Se o TCU tivesse contrariado esse critério, haveria o risco de reaver valores já desembolsados pelos consumidores. No total, a discussão envolve pagamentos de R$ 62,2 bilhões, a valores de junho de 2017, às concessionárias de transmissão que possuem ativos em operação antes de 31 de maio de 2000. Mais de 70% desse montante já foi quitado, e o restante deve ser pago nos próximos ciclos tarifários até 2028.
Indenização e critérios de cálculo
A indenização se refere a investimentos não amortizados, ou seja, o direito das concessionárias de receber valores que foram investidos, mas não recuperados com a receita do empreendimento dentro do prazo contratual.

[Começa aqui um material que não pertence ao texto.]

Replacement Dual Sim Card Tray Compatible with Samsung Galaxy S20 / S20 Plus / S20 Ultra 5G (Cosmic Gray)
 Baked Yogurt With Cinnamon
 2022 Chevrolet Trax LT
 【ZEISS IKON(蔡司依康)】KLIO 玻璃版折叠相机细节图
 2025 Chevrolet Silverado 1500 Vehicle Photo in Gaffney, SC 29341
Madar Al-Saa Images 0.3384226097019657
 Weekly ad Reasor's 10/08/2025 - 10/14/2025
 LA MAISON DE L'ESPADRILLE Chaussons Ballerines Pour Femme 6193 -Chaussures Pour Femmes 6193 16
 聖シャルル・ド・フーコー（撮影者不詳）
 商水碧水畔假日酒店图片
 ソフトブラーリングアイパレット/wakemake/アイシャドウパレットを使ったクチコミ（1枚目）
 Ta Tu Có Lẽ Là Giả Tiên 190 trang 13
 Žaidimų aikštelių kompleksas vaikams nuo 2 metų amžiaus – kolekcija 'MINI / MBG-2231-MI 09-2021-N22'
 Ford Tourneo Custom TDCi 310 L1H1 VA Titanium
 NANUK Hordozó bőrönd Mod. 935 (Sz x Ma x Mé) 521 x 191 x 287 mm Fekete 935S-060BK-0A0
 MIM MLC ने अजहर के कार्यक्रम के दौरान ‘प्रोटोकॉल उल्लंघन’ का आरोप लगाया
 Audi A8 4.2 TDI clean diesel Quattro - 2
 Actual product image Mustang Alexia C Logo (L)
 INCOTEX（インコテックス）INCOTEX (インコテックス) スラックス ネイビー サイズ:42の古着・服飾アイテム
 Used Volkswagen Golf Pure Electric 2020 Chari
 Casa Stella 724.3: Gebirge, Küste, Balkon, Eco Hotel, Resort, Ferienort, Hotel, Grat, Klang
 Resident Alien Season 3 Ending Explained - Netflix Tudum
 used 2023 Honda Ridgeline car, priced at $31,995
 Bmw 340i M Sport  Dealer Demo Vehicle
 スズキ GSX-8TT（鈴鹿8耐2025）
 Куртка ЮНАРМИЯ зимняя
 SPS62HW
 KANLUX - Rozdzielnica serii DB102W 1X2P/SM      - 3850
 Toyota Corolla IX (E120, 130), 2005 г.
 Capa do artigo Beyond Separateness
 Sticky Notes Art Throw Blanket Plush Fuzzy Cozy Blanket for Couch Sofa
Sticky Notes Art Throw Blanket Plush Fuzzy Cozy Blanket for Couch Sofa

O cálculo desse repasse teve como base uma portaria do Ministério de Minas e Energia (MME), de 2016.
Do total de R$ 62,2 bilhões, aproximadamente R$ 20 bilhões estão relacionados à remuneração pelo custo do capital próprio, conhecido como “ke”. Este critério foi contestado pela área técnica do TCU, que sugeriu que a utilização do “ke” para o pagamento fosse considerada irregular.
Votos dos Ministros
O relator, ex-ministro Aroldo Cedraz, apresentou uma convergência nesse ponto e indicou a intenção de anular os atos decorrentes da portaria do MME. No entanto, o ministro Benjamin Zymler votou contrariamente, atestando a legalidade do normativo. O ministro Bruno Dantas também votou para arquivar o processo, sem avaliar a legalidade da portaria.
O ministro Dantas expressou “desconforto” pelo fato de a Corte não ter apreciado essa questão de forma mais tempestiva, considerando que os consumidores já arcaram com mais de 80% das indenizações desde a implementação da portaria, restando cerca de R$ 11 bilhões a serem pagos até 2028.
Opinião
A decisão do TCU reflete a complexidade da regulação do setor elétrico e a necessidade de um acompanhamento mais rigoroso das indenizações, que impactam diretamente os consumidores.